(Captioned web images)
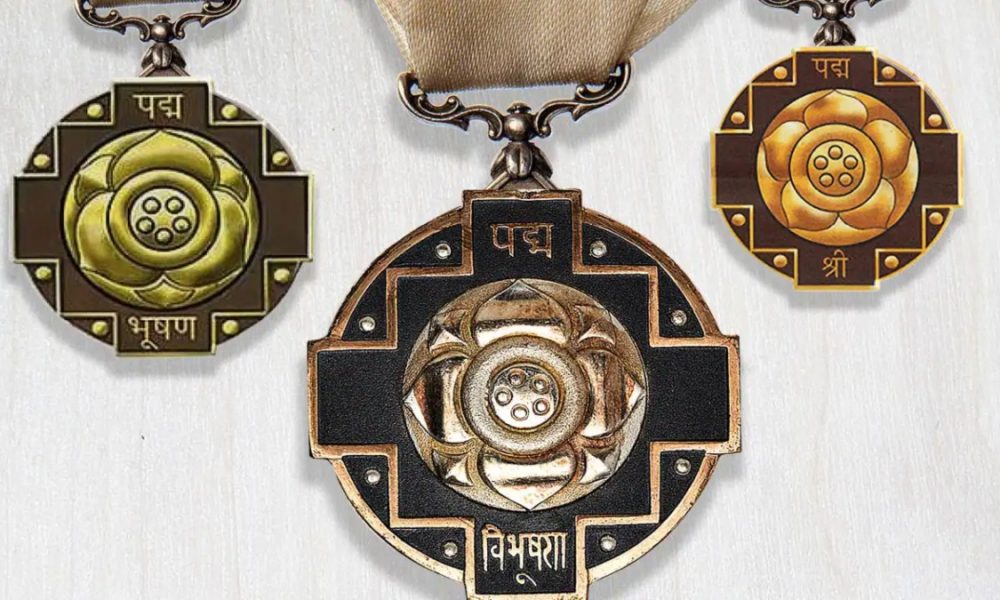 Padma Awards 2023 announced: Here is list of all 106 recipients, Mulayam & Zakir Hussain among awardees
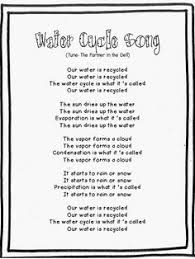List of the best songs about water & the ocean released in 2017 and earlier. 8 Water Cycle Song Ideas In 2021 Water Cycle Water Cycle Activities 4th Grade Science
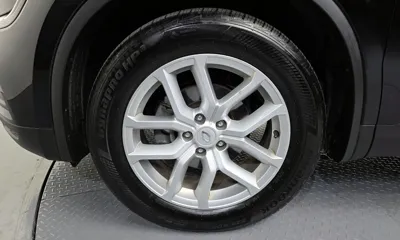 Renault-KoreaSamsung QM6 2018, 65330 км, за 12800000 KRW - фото 5
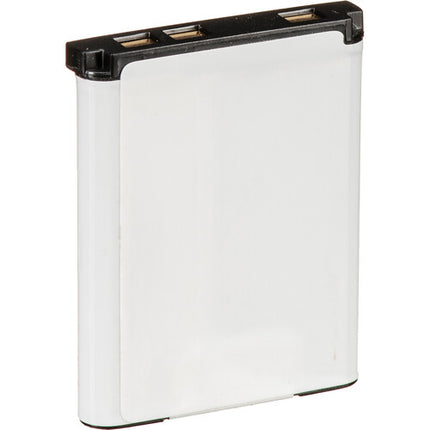 Jupio Pack de Batería Recargable de Litio 3.7V 650mAh para Cámaras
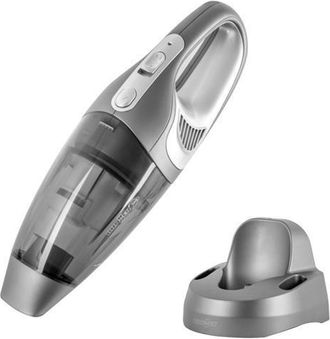 Brunner Aspiradora Port&aacute;til Brunner Dual Ng Ligera Potente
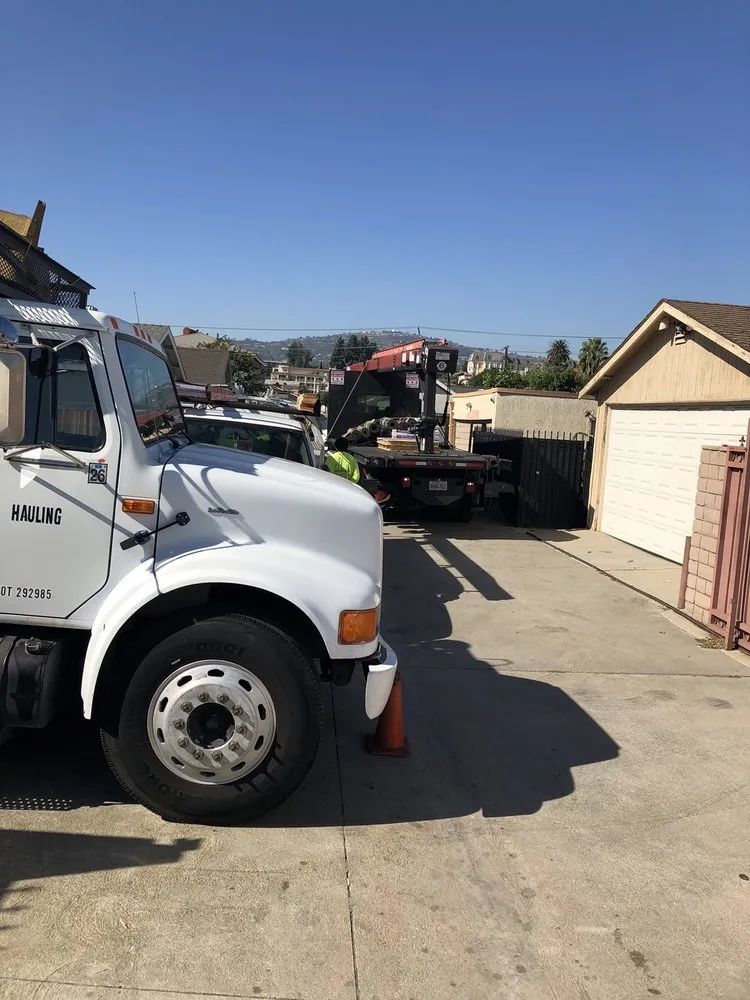 Slide of Great American Roofing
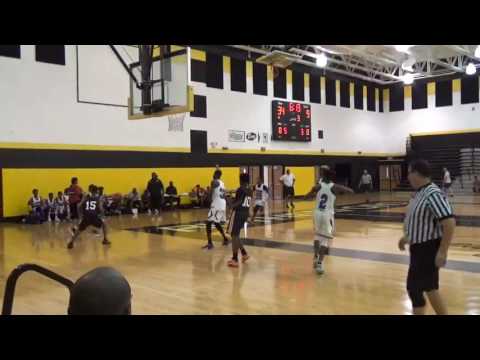 MU2016 at Nationals (14U)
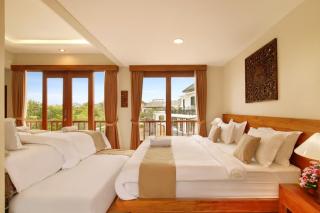 Villa Rafaela 2BR Nusa Dua By Bali Asia Villa - Nusa Dua - 5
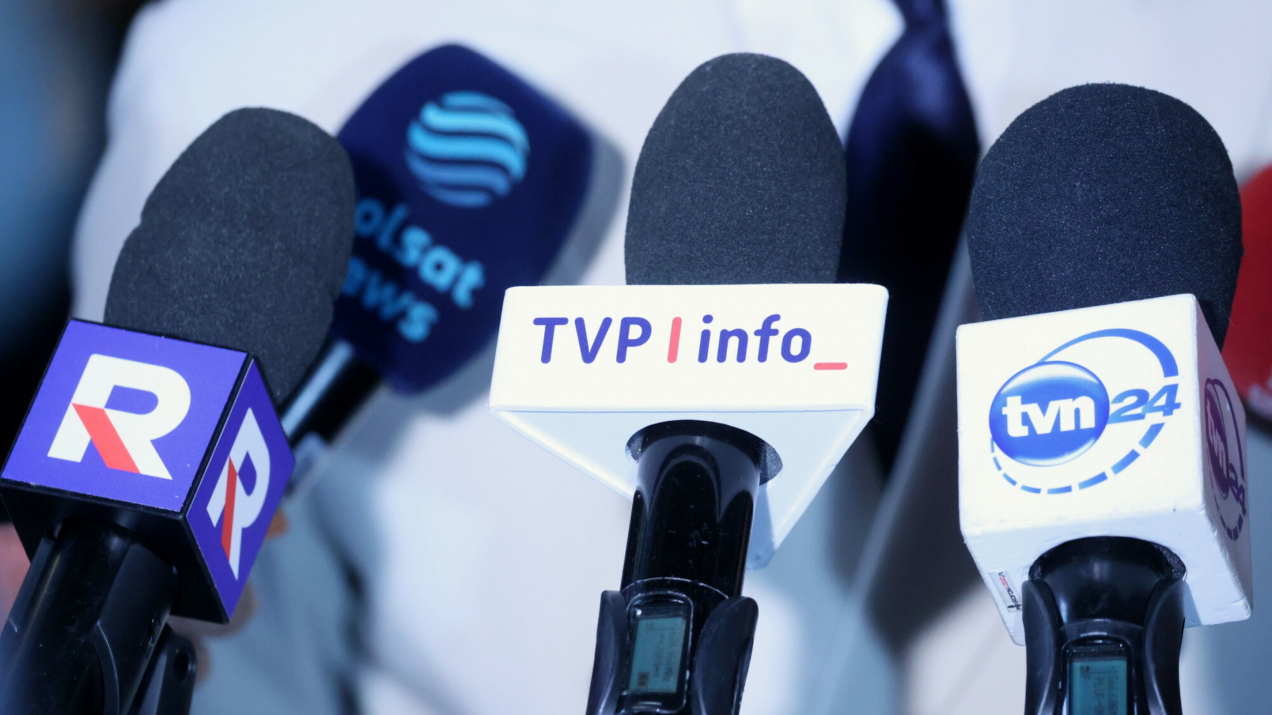 13 kwietnia koniec. Stacja likwiduje swoją śniadaniówkę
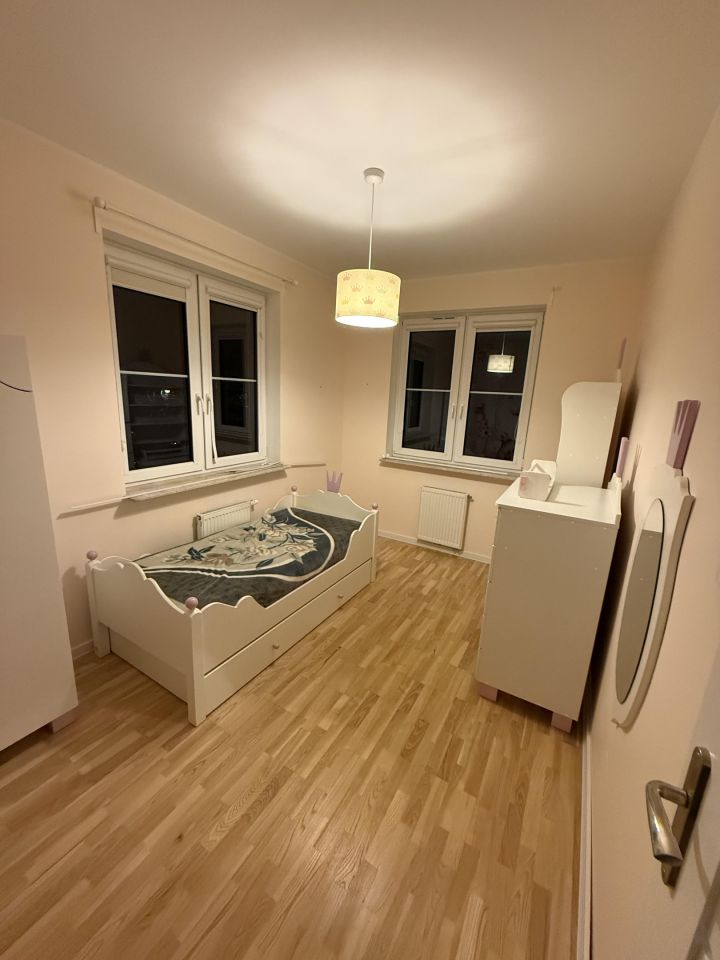 Mieszkanie 4-pokojowe Straszyn, ul. Saturna. Zdjęcie 6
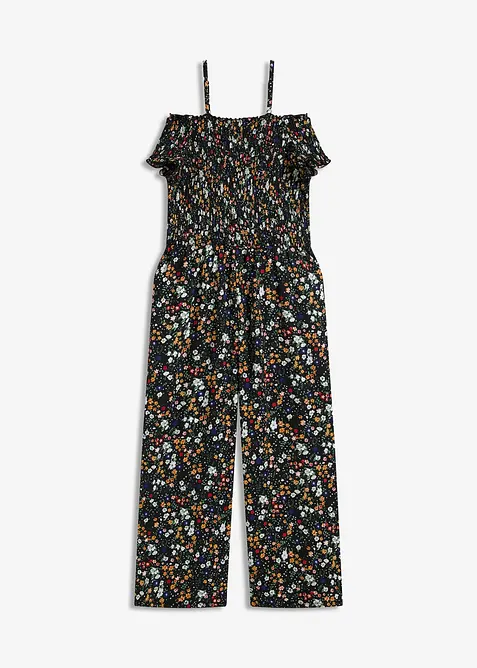 Jersey jumpsuit, bonprix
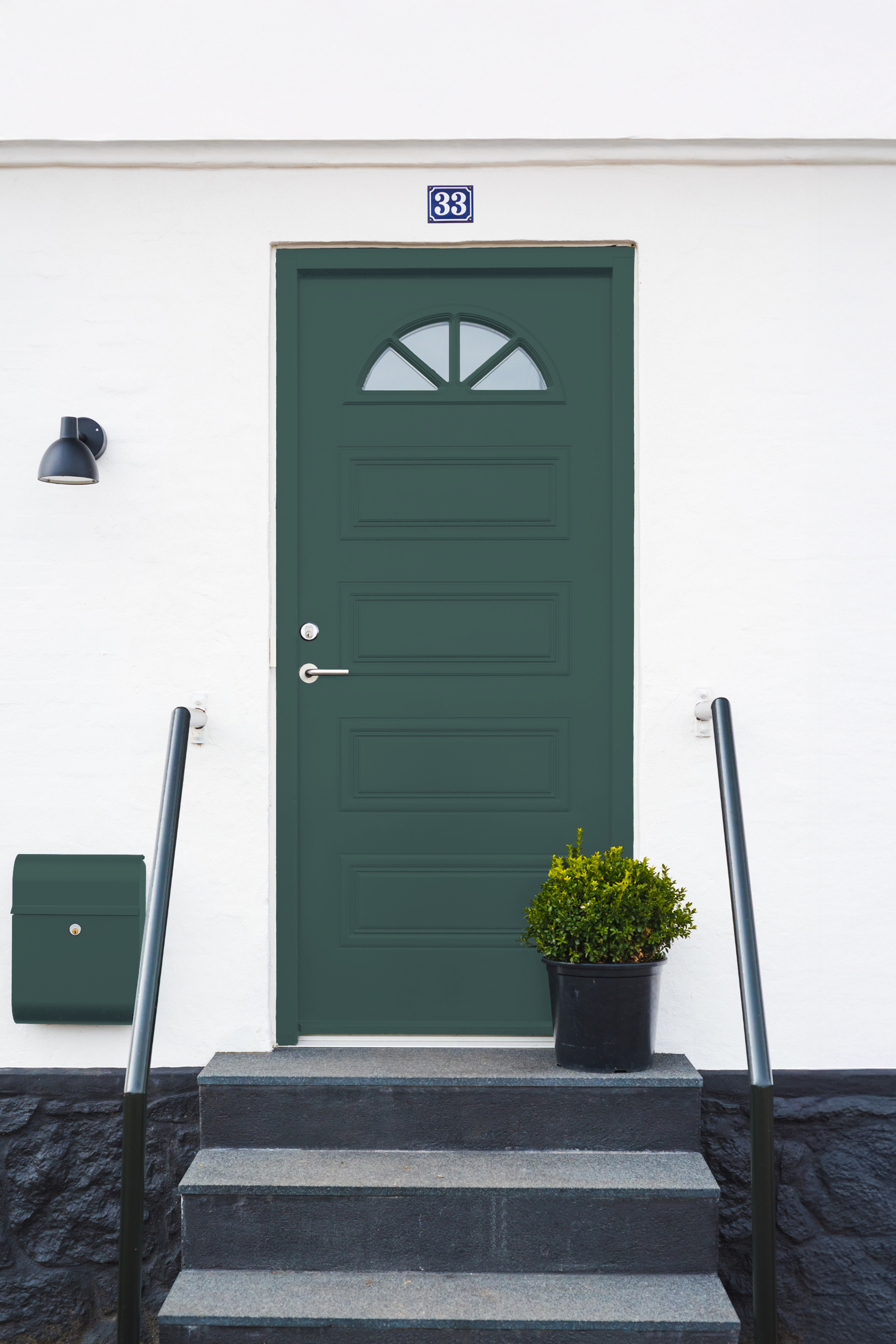 Halley - Laque biosourcée bois et métal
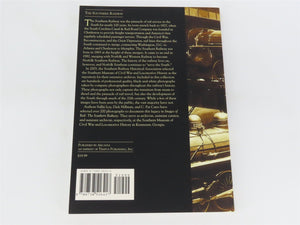 Images of Rail: The Southern Railway by Loy, Hillman, & Cates Â©2004 SC Book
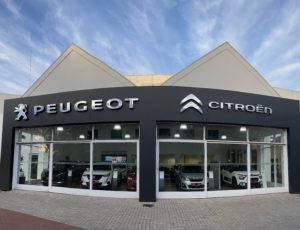 CMH Citroën Cape Town Dealer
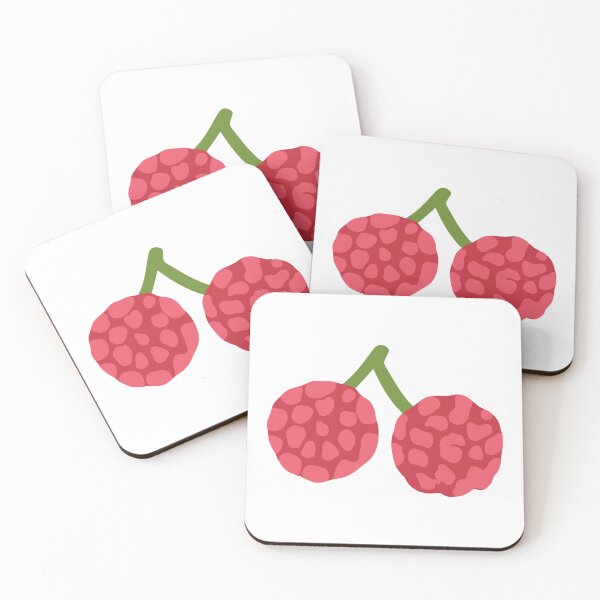 Item preview, Magical Fruit Garden designed and sold by KJackArtwork.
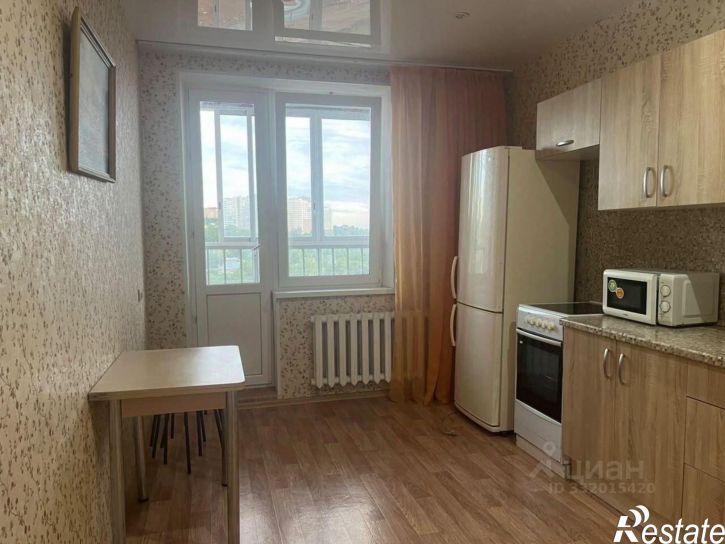 1-комн квартира ул Айская, 16,  д. 16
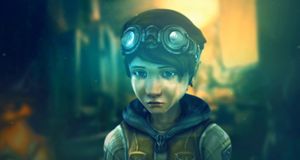 Tilbake til The Whispered World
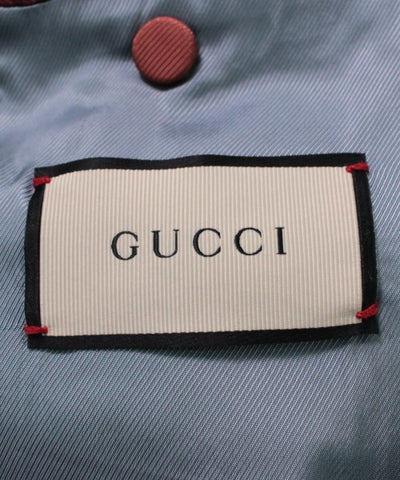 GUCCI Blazers/Suit jackets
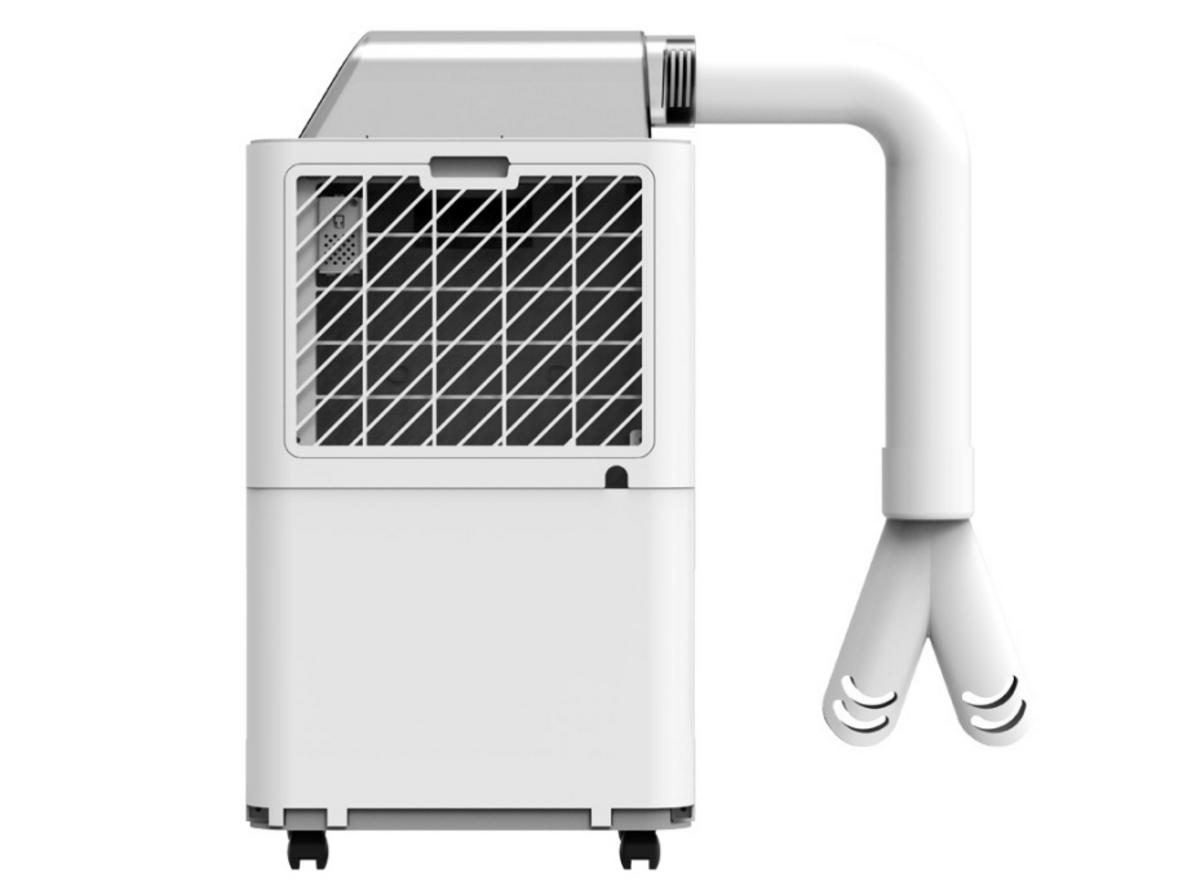 Công suất 18 lít/ngày phù hợp phòng 20–30m².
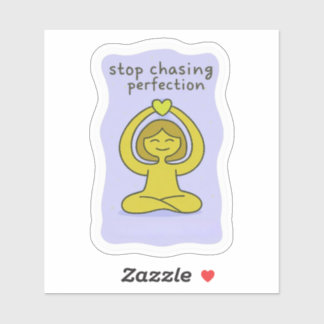 Motivierend Aufkleber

> [What needs to be done] Your task is to print exactly the lines from the one containing "Tilbake til The Whispered World" through the final line of the records above, with no pictures and nothing more.

> [Your response]
 Tilbake til The Whispered World
 GUCCI Blazers/Suit jackets
 Công suất 18 lít/ngày phù hợp phòng 20–30m².
 Motivierend Aufkleber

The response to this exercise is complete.